## Data section
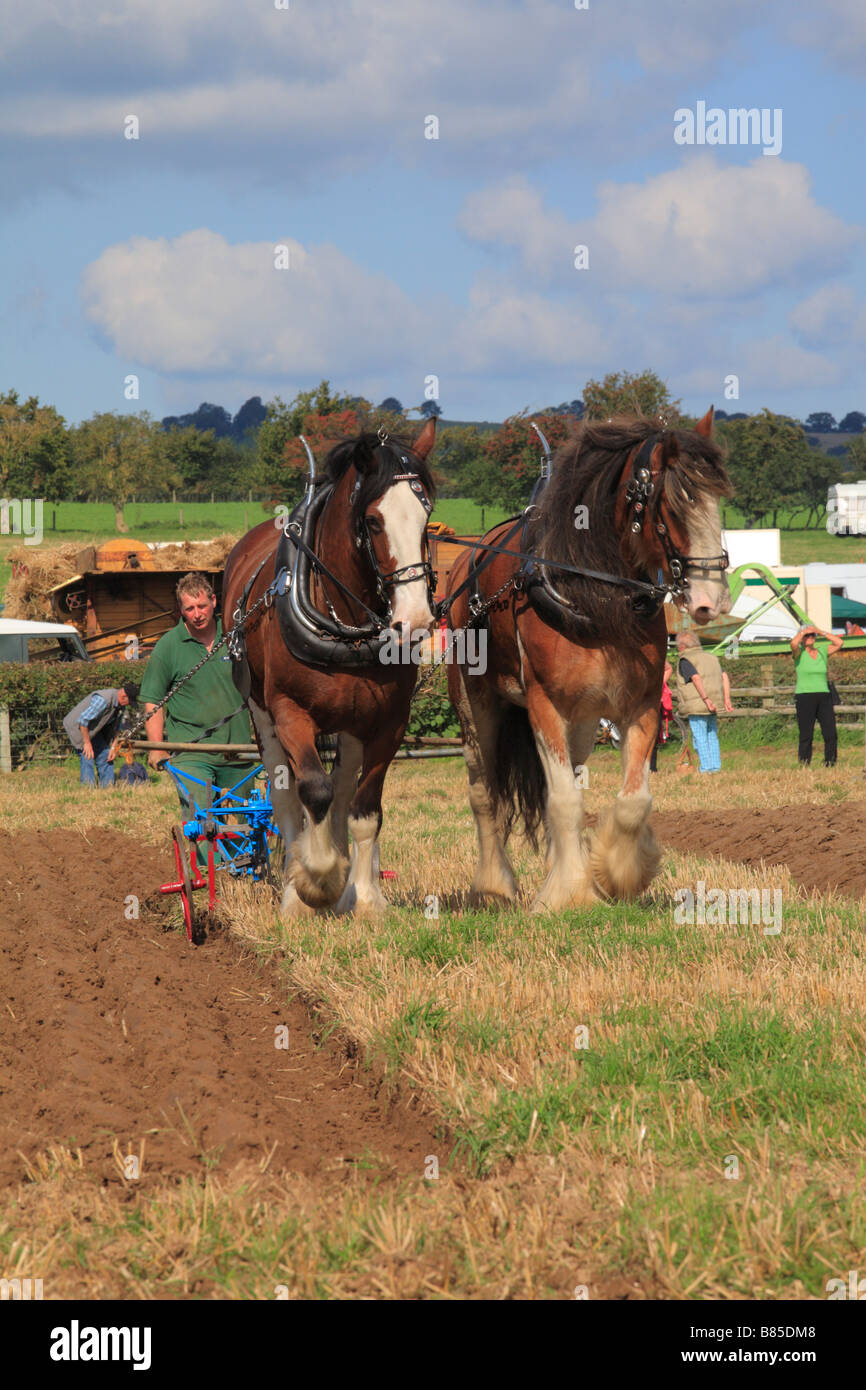 Pferde-Konkurrent Pflügen mit zwei schweren Pferde beim Spiel alle Wales Vintage Pflügen. In der Nähe von Walton, Powys, Wales. Stockfoto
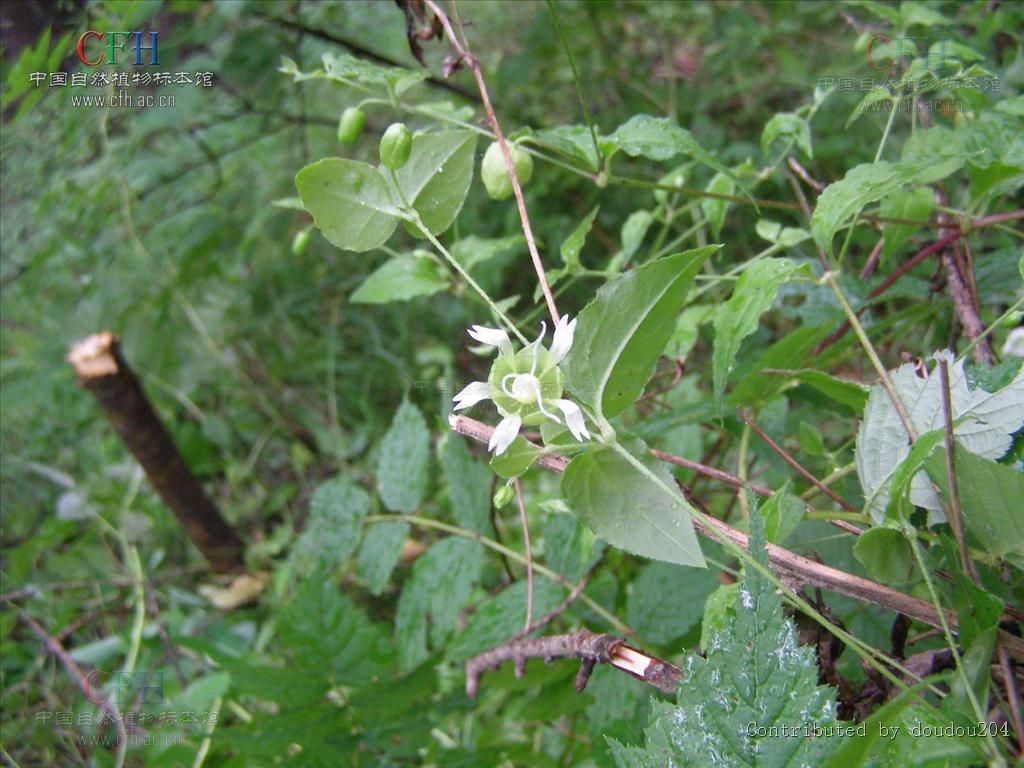  p>狗筋蔓属( a target="_blank" href="/item/学名/8074290" data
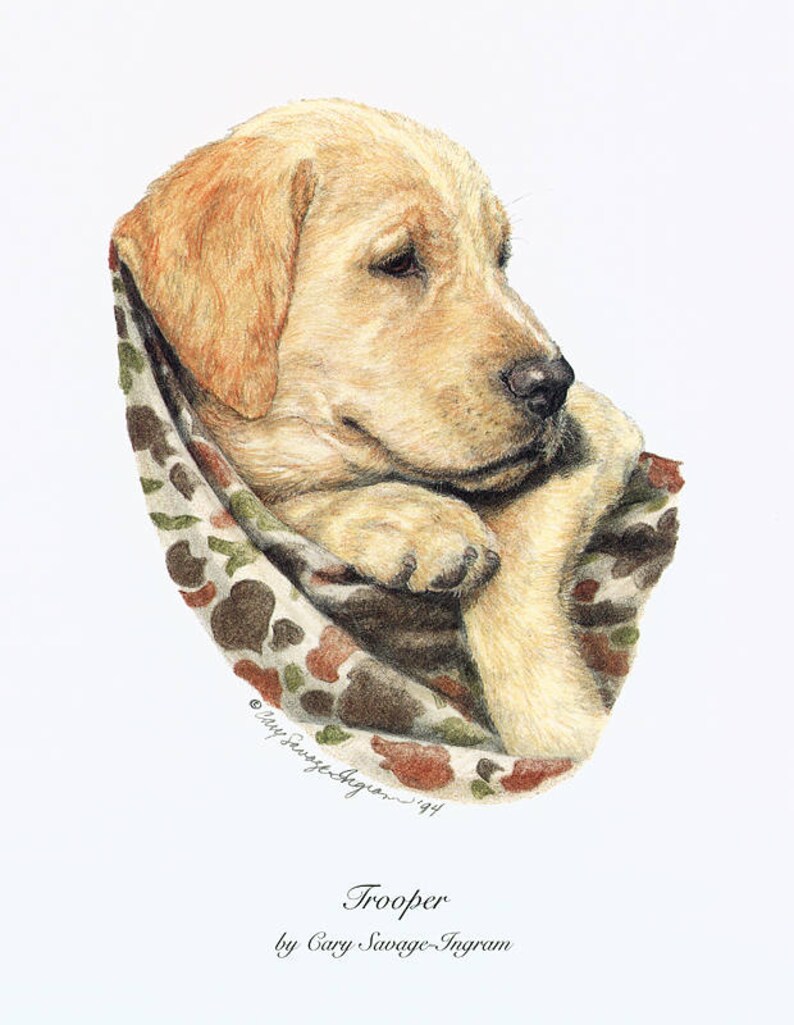 K&ouml;nnte beinhalten: Ein Aquarellbild eines gelben Labrador-Welpen, der sich in eine Decke mit Tarnmuster gekuschelt hat. Der Welpe schaut zur Seite, den Kopf auf seinen Pfoten ruhend. Das Bild tr&auml;gt den Titel "Trooper" von Cary Savage-Ingram.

## Task objective
All of the listing above has to be reproduced exactly, though without its images.

## Solution to this task
 Pferde-Konkurrent Pflügen mit zwei schweren Pferde beim Spiel alle Wales Vintage Pflügen. In der Nähe von Walton, Powys, Wales. Stockfoto
  p>狗筋蔓属( a target="_blank" href="/item/学名/8074290" data
 K&ouml;nnte beinhalten: Ein Aquarellbild eines gelben Labrador-Welpen, der sich in eine Decke mit Tarnmuster gekuschelt hat. Der Welpe schaut zur Seite, den Kopf auf seinen Pfoten ruhend. Das Bild tr&auml;gt den Titel "Trooper" von Cary Savage-Ingram.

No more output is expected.